South Korean K-9 self-propelled guns are seen on standby near the western border with North Korea during annual joint military drills with the United States on March 7, 2016. North Korea’s Panmunjom mission blamed the drills for tensions on the Korean peninsula on Wednesday. Photo by Yonhap News Agency/UPI
SEOUL, May 4 (UPI) -- North Korea threatened to "settle the score physically" with the United States, unless Washington agrees to a peace treaty.
Pyongyang's state-controlled KCNA issued a memorandum from the Korean People's Army Panmunjom mission on Wednesday, stating the United States and South Korea are using joint military drills as a "pretext" to allow the "phantom of war" to roam on the Korean peninsula.
Different drills are held annually and draw a strong reaction from North Korea's media outlets, although data analyzed by the Center for Strategic and International Studies have suggested North Korea's responses to joint drills are more driven by the status of U.S.-North Korea relations in the period.
The message could also be for domestic propaganda purposes.
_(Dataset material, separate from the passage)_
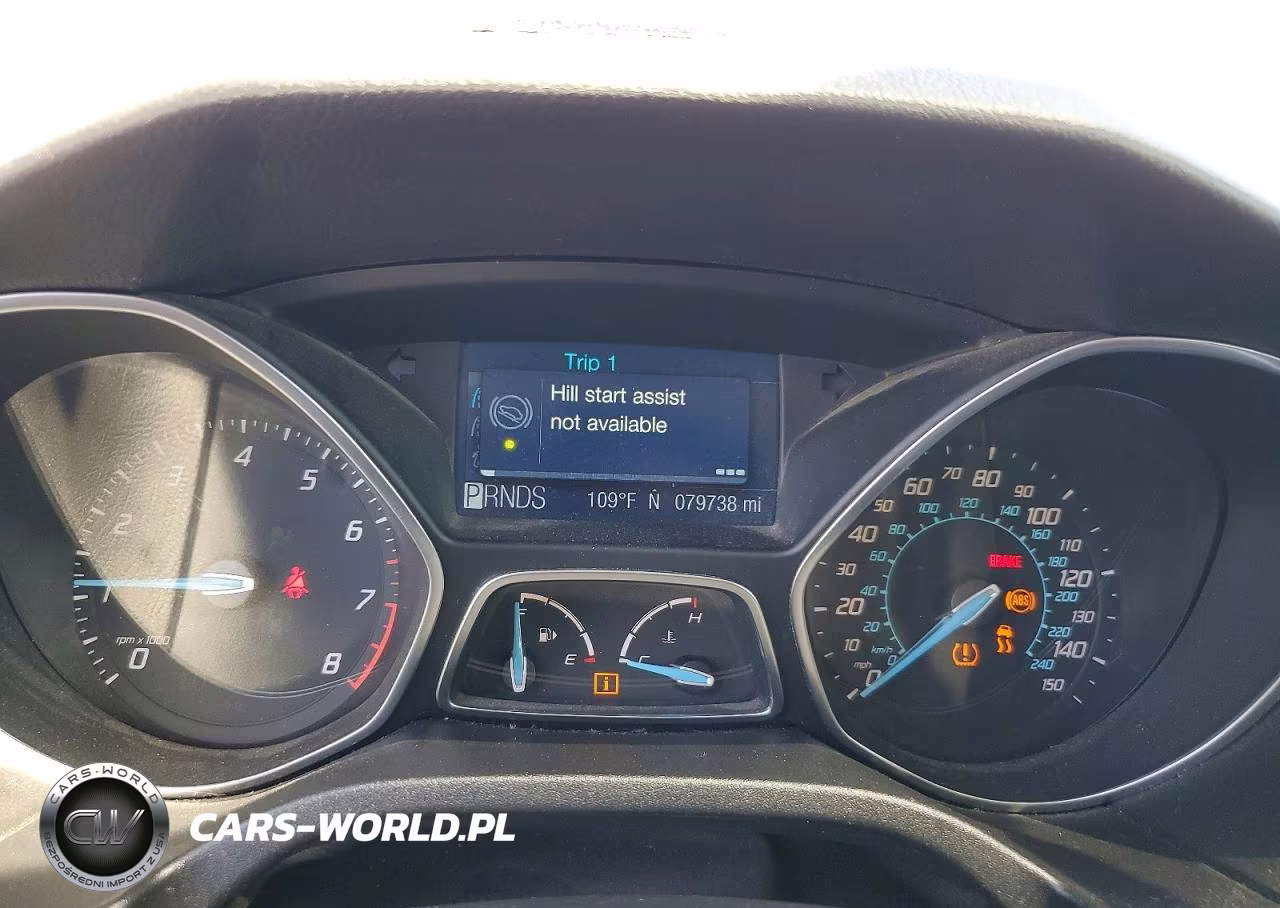 2012 Ford Focus Se VIN:1FAHP3K27CL450929 - 9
North Korean Deputy Foreign Minister Ri Tae Song had told foreign reporters in April that Pyongyang has no desire to stop nuclear tests, and that they would continue "unconditionally."
But the memorandum issued Wednesday said North Korea's proposed peace treaty was "snubbed" by the United States.
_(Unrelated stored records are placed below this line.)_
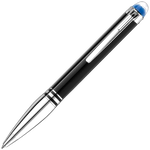 This Montblanc StarWalker Doué Black and Stainless Steel Ballpoint Pen features a high-grade cone.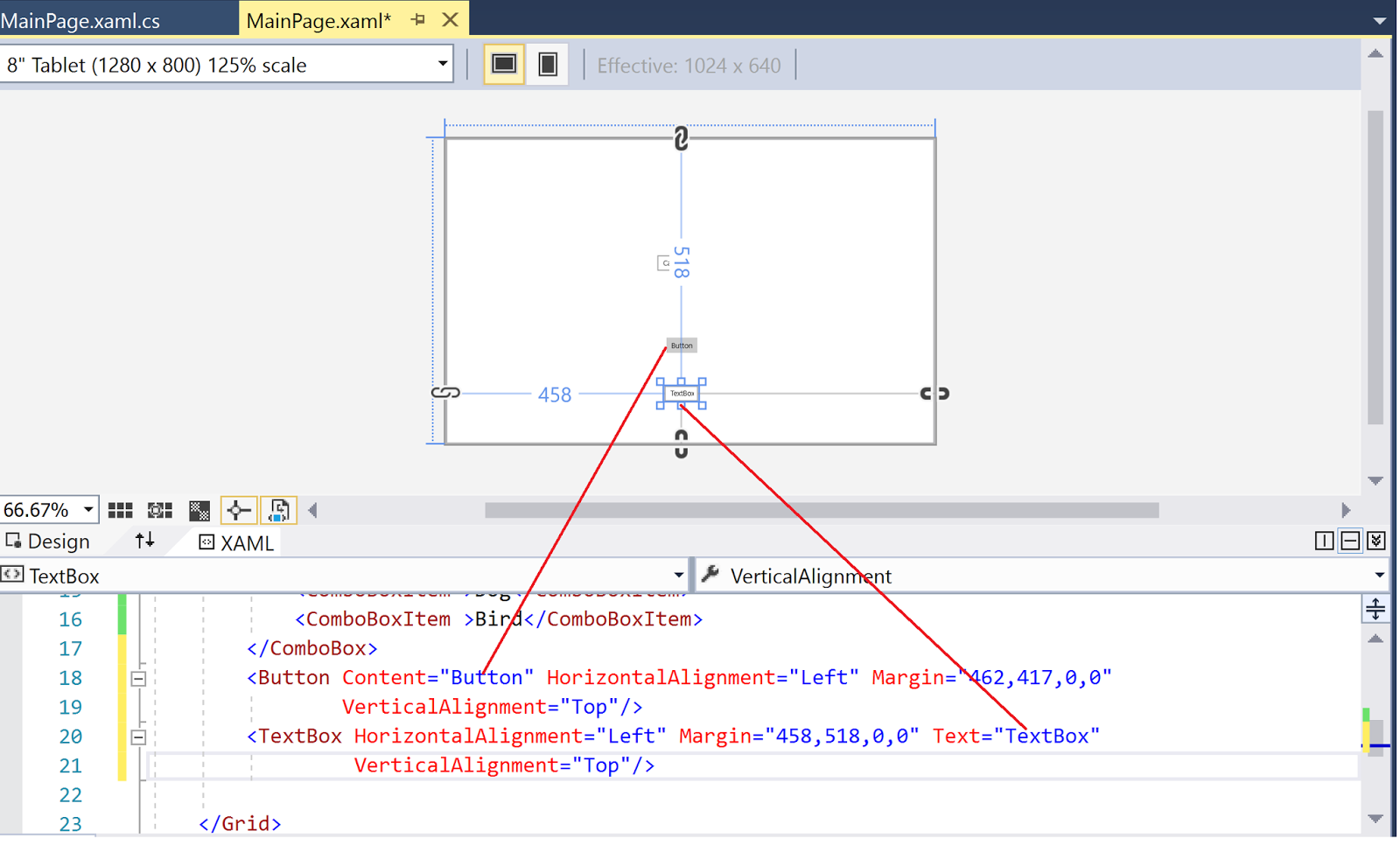 Hodentek Use SelectionBoxItem to access ComboBoxItem in a UWP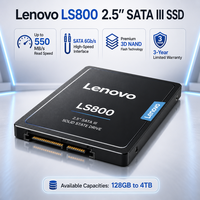 Disque SSD interne SATA 3.0 haute vitesse Lenovo 2,5 pouces 1 To 2 To pour ordinateur portable et divertissement à domicile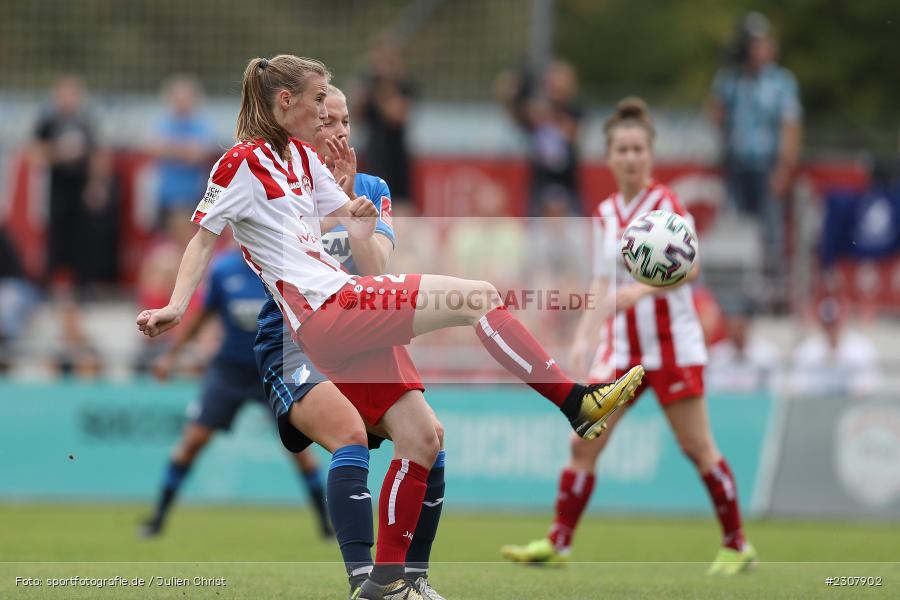 Laura Gerst, Sportpark Heuchelhof, Würzburg, 26.09.2021, sport, action, Fussball, Deutschland, September 2021, Saison 2021/2022, Runde 2, Gruppe Süd, Pokal, DFB, DFB Pokal Frauen, TSG, FWK, TSG Hoffenheim, FC Würzburger Kickers - Bild-ID: 2307902 Laura Gerst, Sportpark Heuchelhof, Würzburg, 26.09.2021, sport, action, Fussball, Deutschland, September 2021, Saison 2021/2022, Runde 2, Gruppe Süd, Pokal, DFB, DFB Pokal Frauen, TSG, FWK, TSG Hoffenheim, FC Würzburger Kickers - Bild-ID: 2307902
The announcement comes at a time when Pyongyang is preparing to inaugurate its Seventh Party Congress. The state has also continued to test other weapons, including a submarine-launched ballistic missile.
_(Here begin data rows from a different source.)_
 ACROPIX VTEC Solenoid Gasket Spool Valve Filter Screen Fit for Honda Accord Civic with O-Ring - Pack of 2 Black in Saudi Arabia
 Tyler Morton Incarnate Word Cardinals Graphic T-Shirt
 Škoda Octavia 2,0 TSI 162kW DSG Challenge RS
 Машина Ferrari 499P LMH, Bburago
Satellite images analyzed on 38 North, a Johns Hopkins University website dedicated to North Korea issues, indicated North Korea is pursuing the development of better SLBMs and a "GORAE-class experimental missile submarine," according to defense analyst Joseph S. Bermudez, Jr.
The GORAE-class submarine is designed to carry ballistic missiles and was the launching point for a SLBM on April 23, Bermudez wrote.
North Korea's provocations have increased as evidence is growing the country could be under new pressures that could lead to a regime collapse or a coup.
Wendy Sherman, a former U.S. under secretary of state, said Tuesday at a CSIS forum in Washington, D.C., that "It is becoming increasingly clear that the status quo [in North Korea] likely is not sustainable, and unexpected changes, including sudden regime collapse or a coup, cannot be ruled out."
Frank discussions between the United States and China are needed, Sherman said.